Tuck Advisors is an investment bank that helps founders, like you, sell their companies.
The number one axiom in M&A: Time Kills Deals.
-
Be on accrual basis accounting, not cash. 99% of the time, the company that buys yours will be on an accrual basis, and that’s the way they will want to view your financials.
-
When starting your company, set yourself up for a QSBS election to avoid paying taxes when you sell. Info here.
-
Establish a Board of Directors with quarterly meetings, even if it is only a formality.
-
Make sure all employees and contractors sign NDAs and assignability of IP/work agreements.
-
Have P&L statements for prior years (up to 5 years), a forecast for the rest of this year and next year (that you are willing to stand behind), and a Balance Sheet ready to go.
-
Make sure your Cap Table is up to date.
-
Keep your Organization Chart current.
-
Have an annual Quality of Earnings prepared by a reputable firm — the Buyer will have their own Q of E done, but, by you having one done preemptively, it will point out any issues upfront and speed the process along.
-
Have a team of advisors ready to act, including an M&A advisor, an M&A lawyer, an M&A tax advisor, and an M&A CFO (who can advise on a Net Working Capital peg).
-
Be clear on how the business will run post transaction.
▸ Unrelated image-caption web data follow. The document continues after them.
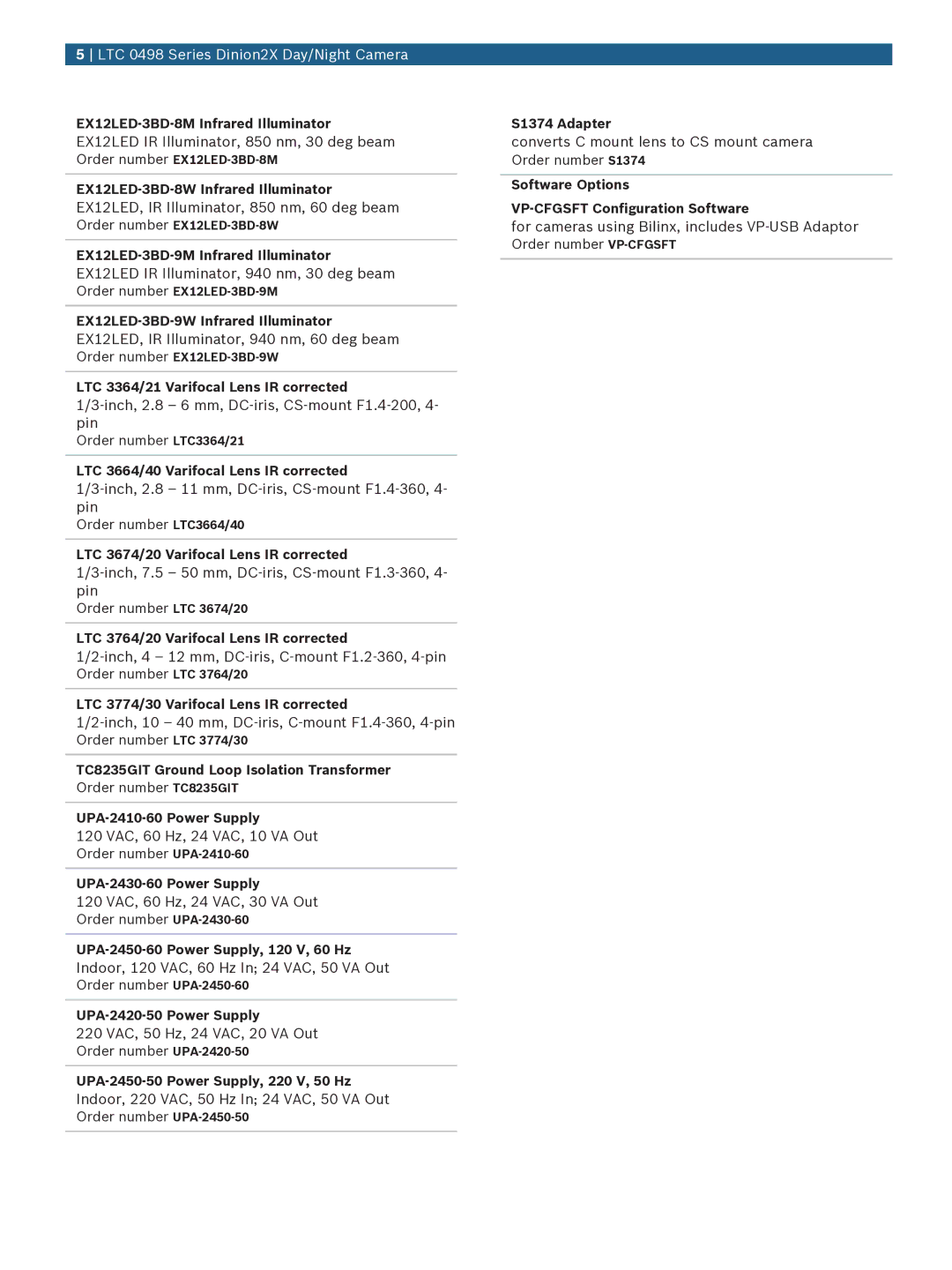 Bosch Appliances LTC-0498 manual EX12LED IR Illuminator, 850 nm, 30 deg beam, EX12LED, IR Illuminator, 850 nm, 60 deg beam 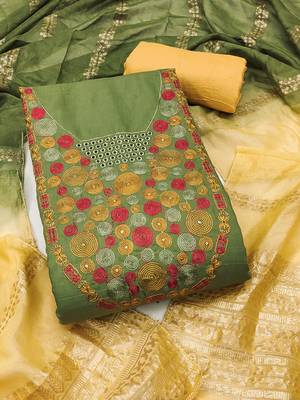 Elegant parampara cotton embroidered dress material with dyable jacquard dupatta 2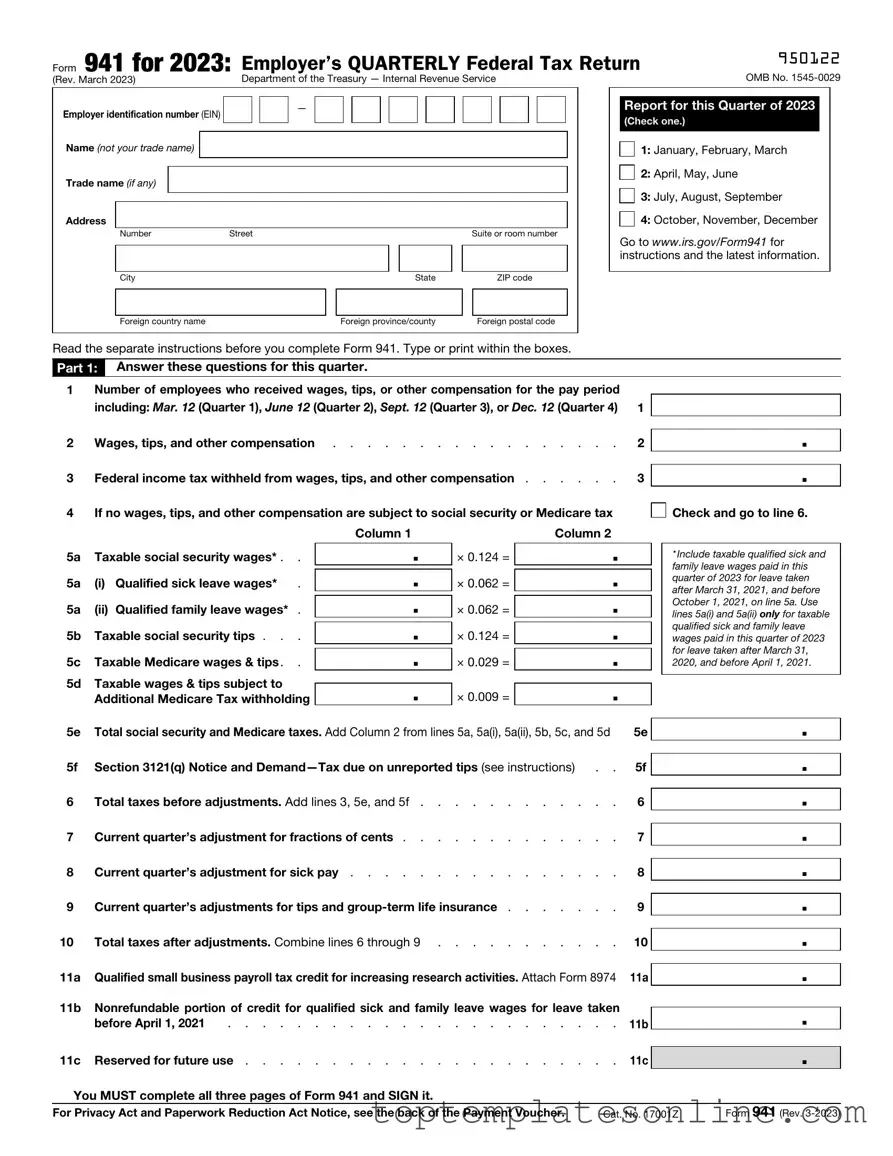 Fillable IRS 941 Form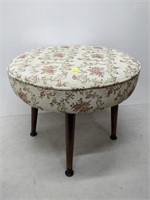 vintage floral top foot stool 14'' tall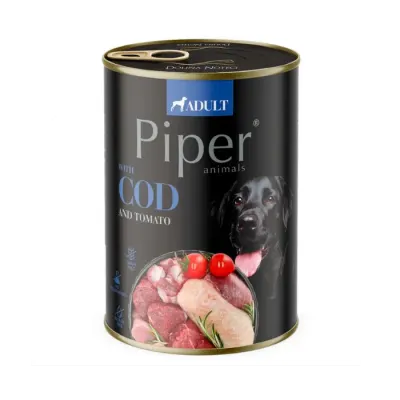 Conserva pentru caini Piper Adult cu cod tomate 400 gr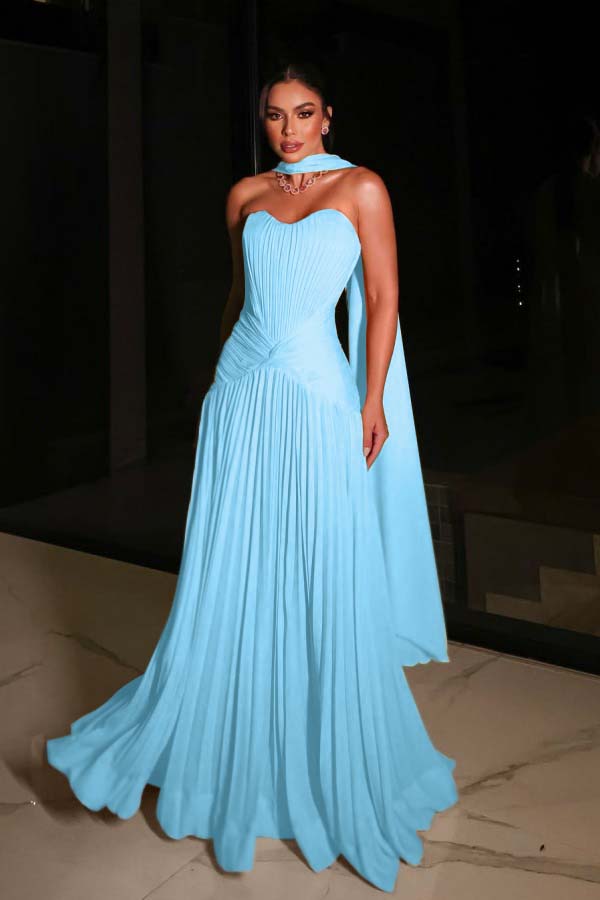 Glamorous Strapless Sleeveless Pleated Long Prom Dress with Scarf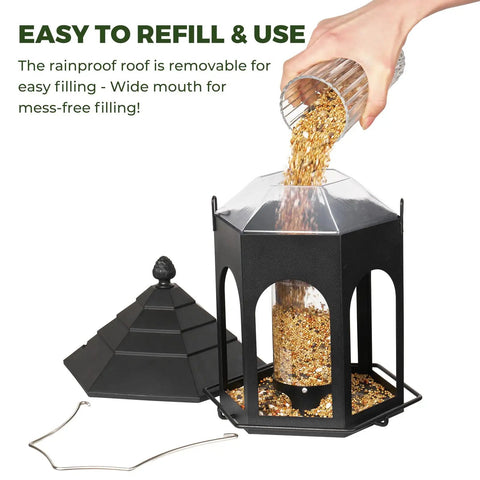 Durable Metal Bird Feeder For Outdoors Hanging With 3 Pound Seed Capacity, Squirrel Resistant And Rust Resistant, Easy To Fill And Clean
Will you, the Founder/CEO, stay on or is there someone else in your organization (COO/President) who can run it if the new owner needs someone to stay in place?
P.S. Revenue growth and profit margin/growth are both important. In general, growth rate is more important for earlier-stage companies and profit for later-stage companies. Selling a company that is still losing money is a lot harder than selling a company that is making money.